THE ISSUE IS... Health care patient protection, or patients' "bill of rights" proposals that could expose health plans and employers to lawsuits and substantially raise costs for employers who provide health benefits to their workers.

IT'S IMPORTANT BECAUSE... The majority of insured working Americans receive their health care coverage through their employers. As health care costs have significantly risen in the last decade, many employers have turned to managed care as a way to control these costs and have the flexibility to continue providing health benefits to their employees. Approximately 60 percent of Americans, or 160 million people, are now enrolled in managed care plans.

In recent years, consumers have raised concerns about the quality of care provided by managed care plans, particularly health maintenance organizations (HMOs).
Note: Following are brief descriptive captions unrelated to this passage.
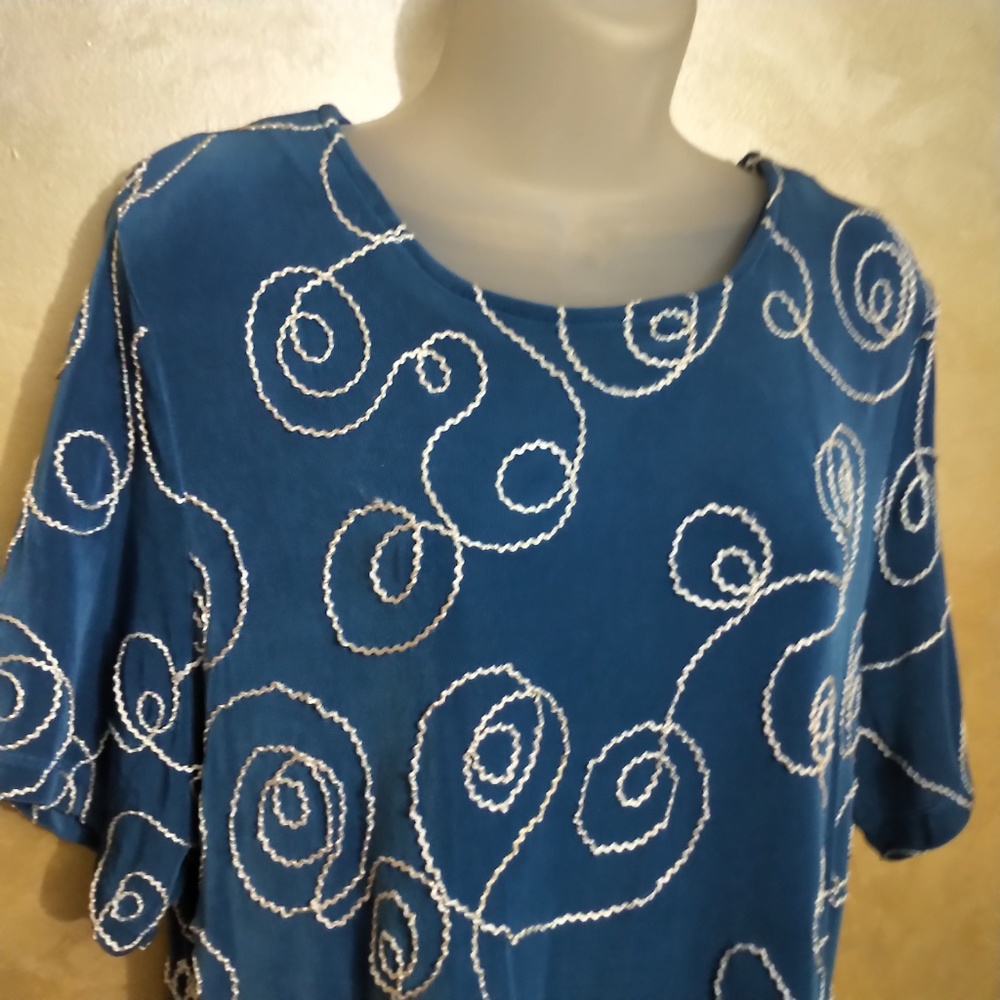 Citiknits Scroll Embroidered Top EUC L/XL - Picture 2 of 5
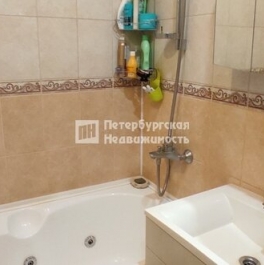 Продажа 3-комн квартиры на вторичном рынке Красное Село г, Освобождения ул,  д. 25,  к. 1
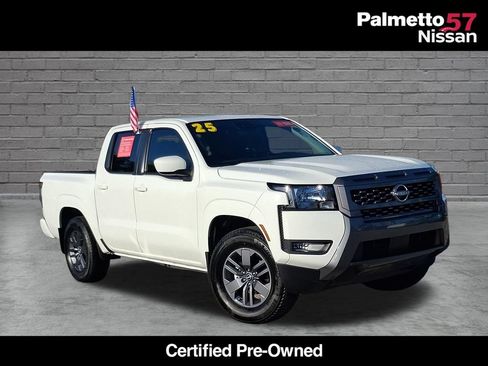 Used 2025 Nissan Frontier SV w/ SV Convenience Package RWD image 1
Some specific concerns include the denial or delay of certain treatments to save money and the lack of access to specialists. While public complaints regarding managed care have focused more on anecdotes than statistics, the outcry has been loud enough to spur legislative activity on both the state and federal government levels.
Most states have passed some form of managed care legislation over the past several years. Most significant was likely the 1997 Texas law permitting medical malpractice lawsuits to be brought in state courts against HMOs for medical decisions resulting in injury or death. This state law contrasts with the federal 1974 Employee Retirement Income Security Act (ERISA), which preempts state laws relating to employee benefit plans and prevents employees from bringing malpractice suits in state courts in connection with employer-provided health plans.
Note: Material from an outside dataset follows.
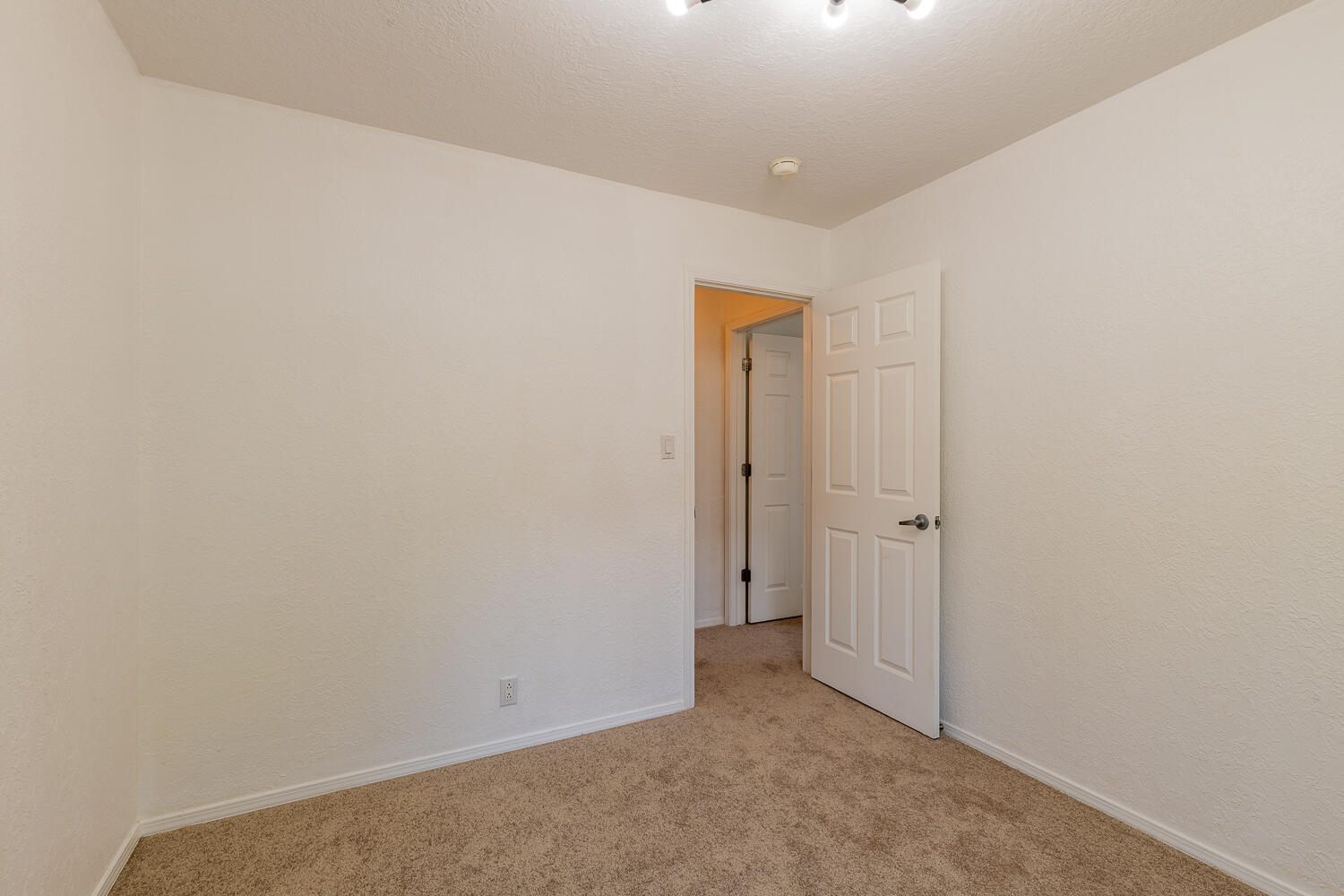 Photo 12 — 2900 Vista Del Rey NE UNIT 29C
In the 107th Congress, both the Senate and the House passed a version of a Bipartisan Patient Protection Act in the form of S. 1052 and H.R. 2563, respectively. Both S. 1052 and H.R. 2563, which apply federal patient protections to all insured Americans, include many identical provisions to ensure that health plan enrollees have access to certain types of services and providers. Some of these common provisions include information disclosure, continuity of care when a provider is terminated, and access to emergency health services, specialists, and pediatric care. However, the House and Senate versions also have significant differences, including such issues as access to courts and available judicial remedies. Health insurers and business organizations have expressed concern about such patient protection legislation, arguing that additional regulation will increase health care costs and increase the number of uninsured Americans. It is likely that Congress will appoint a conference committee to negotiate between the two versions of the Bipartisan Patient Protection Act within the first few months of 2002.
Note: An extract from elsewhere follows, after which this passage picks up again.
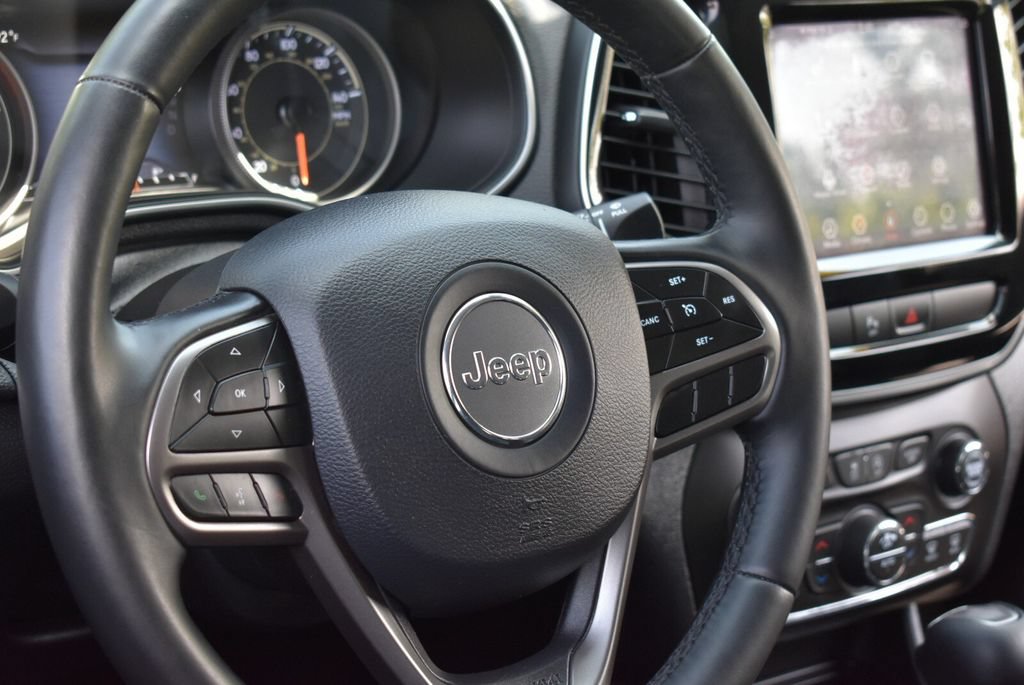 Used 2019 Jeep Cherokee Limited AWD/4WD image 10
NAMIC POSITION... NAMIC supports the objective of increased access to health benefits. Because the vast majority of people in the United States who have health benefits have obtained it through their employers, NAMIC would oppose legislation that would substantially increase employers' costs in providing health insurance to their employees.

NAMIC believes that certain provisions of the Bipartisan Patient Protection Act would significantly increase health care costs and, as a result, prohibit many employers, particularly small businesses, from being able to continue providing health benefits to their workers. Potentially, the most costly provision of these proposals is the one that would amend the ERISA to allow patients to sue their health plans for medical malpractice in state court for denial or delay of treatment. NAMIC believes that it is important for businesses to continue to have the ability to choose health care plans within their budgets that will meet the needs of their employees. Quality health care, access to necessary treatment, full disclosure of plan benefits and restrictions and reasonable grievance procedures are all worthy goals. In seeking to achieve these goals, however, certain legislation would impose too many mandates and costs on health plans. Rather than benefiting consumers, these bills could make health insurance too expensive for many companies, which could then be forced to discontinue health benefits programs. NAMIC will continue to closely follow this issue in Congress to determine whether the provisions will result in increased costs for businesses and decreased availability of health benefits for employees.

Back to top


INSURANCE FRAUD

THE ISSUE IS... Reducing the incidence of insurance fraud.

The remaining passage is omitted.